The main building of the temple. I've been here a number of times, but mostly at night when it's completely empty, so it was a bit curious seeing the whole place filled with people. Another thing that was new for me, though, was that the main sanctuary was open. I'd only been into the antechamber from which one can view the inner room from behind a glass partition, I'd never gone in the main room of the temple. It was open, though, and filled with people so I thought "What the hell. Why not." So, I took of my shoes and went in.

At first I was a bit self-conscious about it. I was, after all, a foreigner who was not culturally or religiously affiliated with the place. I was also the only foreigner inside the sanctuary, and wondered if I was unconsciously doing something improper or disrespectful. However, I was able to beat such misgivings into submission and sat on the floor and took in the atmosphere of the place. People were sitting silently before the altar which was laden with candles. Incense burned in a few braziers and behind me several people were tossing five yen coins into the offering box and clapping as they made prayers for the New Year.

I stayed there for about half an hour, and did my best to meditate in my own unsupernatural way. Since reading a few sutras, I've actually come to respect Siddhartha Guatauma as a philosopher in much the same way that I've respect, say, Socrates- smart guy, brilliant for his era, and wrong about 30% of the time. But, that's another blog post.
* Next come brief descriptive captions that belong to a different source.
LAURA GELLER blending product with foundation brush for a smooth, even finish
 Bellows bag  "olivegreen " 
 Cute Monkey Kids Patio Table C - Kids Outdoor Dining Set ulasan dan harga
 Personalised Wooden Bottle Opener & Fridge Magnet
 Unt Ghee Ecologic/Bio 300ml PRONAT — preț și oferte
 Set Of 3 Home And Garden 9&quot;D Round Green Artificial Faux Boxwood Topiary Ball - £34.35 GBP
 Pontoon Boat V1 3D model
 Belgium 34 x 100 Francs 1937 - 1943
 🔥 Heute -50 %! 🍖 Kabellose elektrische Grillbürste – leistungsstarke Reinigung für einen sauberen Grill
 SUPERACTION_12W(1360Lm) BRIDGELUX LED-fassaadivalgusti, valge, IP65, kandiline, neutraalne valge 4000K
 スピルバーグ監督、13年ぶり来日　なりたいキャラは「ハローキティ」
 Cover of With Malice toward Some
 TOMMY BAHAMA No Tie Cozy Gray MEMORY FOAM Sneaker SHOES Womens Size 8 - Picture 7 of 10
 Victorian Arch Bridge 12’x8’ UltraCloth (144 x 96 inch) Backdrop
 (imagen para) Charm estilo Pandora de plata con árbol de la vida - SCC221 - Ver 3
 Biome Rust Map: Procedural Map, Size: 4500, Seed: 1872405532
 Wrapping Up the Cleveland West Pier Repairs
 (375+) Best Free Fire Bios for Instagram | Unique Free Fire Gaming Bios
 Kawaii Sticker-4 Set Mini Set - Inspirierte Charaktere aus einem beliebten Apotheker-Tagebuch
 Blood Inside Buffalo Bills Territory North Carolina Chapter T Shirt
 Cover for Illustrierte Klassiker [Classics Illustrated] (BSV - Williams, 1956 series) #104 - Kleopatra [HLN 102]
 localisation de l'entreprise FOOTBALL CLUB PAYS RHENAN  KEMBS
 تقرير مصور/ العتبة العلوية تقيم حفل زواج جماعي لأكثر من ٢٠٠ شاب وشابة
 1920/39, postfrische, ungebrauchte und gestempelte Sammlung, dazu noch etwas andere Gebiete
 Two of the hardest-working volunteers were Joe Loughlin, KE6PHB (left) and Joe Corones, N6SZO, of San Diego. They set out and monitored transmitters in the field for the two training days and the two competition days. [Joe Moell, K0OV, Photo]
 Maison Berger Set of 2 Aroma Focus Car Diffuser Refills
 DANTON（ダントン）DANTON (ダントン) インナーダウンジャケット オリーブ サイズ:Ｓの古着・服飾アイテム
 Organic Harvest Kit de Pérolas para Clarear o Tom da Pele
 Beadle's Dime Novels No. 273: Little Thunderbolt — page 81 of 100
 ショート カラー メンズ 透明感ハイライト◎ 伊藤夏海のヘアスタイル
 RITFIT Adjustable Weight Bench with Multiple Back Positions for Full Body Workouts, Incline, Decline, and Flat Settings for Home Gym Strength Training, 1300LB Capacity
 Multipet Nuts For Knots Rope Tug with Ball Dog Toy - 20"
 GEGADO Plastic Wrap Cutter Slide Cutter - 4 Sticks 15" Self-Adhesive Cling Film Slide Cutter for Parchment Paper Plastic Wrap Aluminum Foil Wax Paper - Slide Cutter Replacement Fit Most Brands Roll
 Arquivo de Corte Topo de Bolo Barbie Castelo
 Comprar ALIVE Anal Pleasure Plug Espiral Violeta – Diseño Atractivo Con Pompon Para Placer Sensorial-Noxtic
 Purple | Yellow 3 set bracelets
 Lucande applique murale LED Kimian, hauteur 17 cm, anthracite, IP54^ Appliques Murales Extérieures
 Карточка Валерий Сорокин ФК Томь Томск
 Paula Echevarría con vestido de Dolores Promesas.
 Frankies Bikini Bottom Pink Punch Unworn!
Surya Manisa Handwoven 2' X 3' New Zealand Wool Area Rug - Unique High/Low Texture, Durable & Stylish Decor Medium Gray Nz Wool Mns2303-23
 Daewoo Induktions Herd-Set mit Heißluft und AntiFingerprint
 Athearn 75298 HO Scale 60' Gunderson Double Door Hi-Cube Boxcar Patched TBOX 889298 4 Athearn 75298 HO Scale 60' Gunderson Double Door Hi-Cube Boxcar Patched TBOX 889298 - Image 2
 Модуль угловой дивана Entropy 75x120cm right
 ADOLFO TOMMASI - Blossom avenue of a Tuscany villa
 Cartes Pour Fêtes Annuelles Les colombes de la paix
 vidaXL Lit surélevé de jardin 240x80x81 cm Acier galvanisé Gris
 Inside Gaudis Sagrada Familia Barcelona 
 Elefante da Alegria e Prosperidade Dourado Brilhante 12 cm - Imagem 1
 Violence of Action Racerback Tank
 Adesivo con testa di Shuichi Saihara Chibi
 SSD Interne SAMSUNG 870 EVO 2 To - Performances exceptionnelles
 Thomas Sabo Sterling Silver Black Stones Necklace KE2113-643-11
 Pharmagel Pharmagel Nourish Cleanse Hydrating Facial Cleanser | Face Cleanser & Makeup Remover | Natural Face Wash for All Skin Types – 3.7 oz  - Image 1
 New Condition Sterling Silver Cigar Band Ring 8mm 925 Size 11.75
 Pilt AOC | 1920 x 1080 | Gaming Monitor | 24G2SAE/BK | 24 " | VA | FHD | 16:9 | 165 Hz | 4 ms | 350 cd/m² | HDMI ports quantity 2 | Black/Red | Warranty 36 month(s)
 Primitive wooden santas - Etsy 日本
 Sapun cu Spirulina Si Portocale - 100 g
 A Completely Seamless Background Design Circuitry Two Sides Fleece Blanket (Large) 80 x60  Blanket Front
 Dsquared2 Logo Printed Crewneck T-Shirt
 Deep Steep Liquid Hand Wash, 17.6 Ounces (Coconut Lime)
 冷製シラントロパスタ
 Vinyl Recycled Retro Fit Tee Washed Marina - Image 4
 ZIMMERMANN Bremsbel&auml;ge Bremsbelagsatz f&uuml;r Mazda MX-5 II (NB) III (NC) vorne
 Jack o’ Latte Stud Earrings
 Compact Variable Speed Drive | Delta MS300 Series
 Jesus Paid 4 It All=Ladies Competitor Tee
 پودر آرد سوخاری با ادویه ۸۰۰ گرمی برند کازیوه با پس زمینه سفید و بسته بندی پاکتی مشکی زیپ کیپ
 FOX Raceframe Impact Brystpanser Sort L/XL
After walking through the temple complex a bit I went back to Narita's main street, and the eel guys were out. Eel, for some reason, is the regional specialty of Narita, because here in Japan absolutely everything has to have a regional specialty. At this particular restaurant, the eel preparation is something of a street performance, and a bloody and smoky one at that. At a table on the street, two guys were grabbing live eels from a bucket of water, driving nails through their heads, and then splitting them open and pulling out their spines and guts in front of appreciative onlookers. Quite captivating to watch actually. The eels are grilled and served right there, at the apogee of freshness.

When I first saw this, I thought about how such a show wouldn't really go over so well in America. Americans (at least liberal city-dwellers such as myself) can be distressingly alienated from the meat they eat. Meat doesn't come from the insides of animals- it comes from packages and cans. A friend of mine even insisted on sitting with her back to the fish tank at a sushi bar once, as she didn't want to be reminded of where her meal came from.

Japan doesn't seem to suffer nearly as badly from this alienation, and I think that's a good thing. The New Year's crowd didn't seem repulsed or put off by the eel guys, at least not that I could tell. Instead, they eagerly bought up freshly grilled sea beasts, with appreciative exclamations of "oishii!"

Lanterns glowing on the main street. The shops and restaurants, even as they were closing, still bustled with visitors. And they're still bustling. I was out again yesterday in the daylight and the whole place hummed. Narita, yes, is always a bit active, what with the airport and all the tourists. But, it's nice to see it buzzing in a different manner. So far, the Year of the Ox is off to a good start.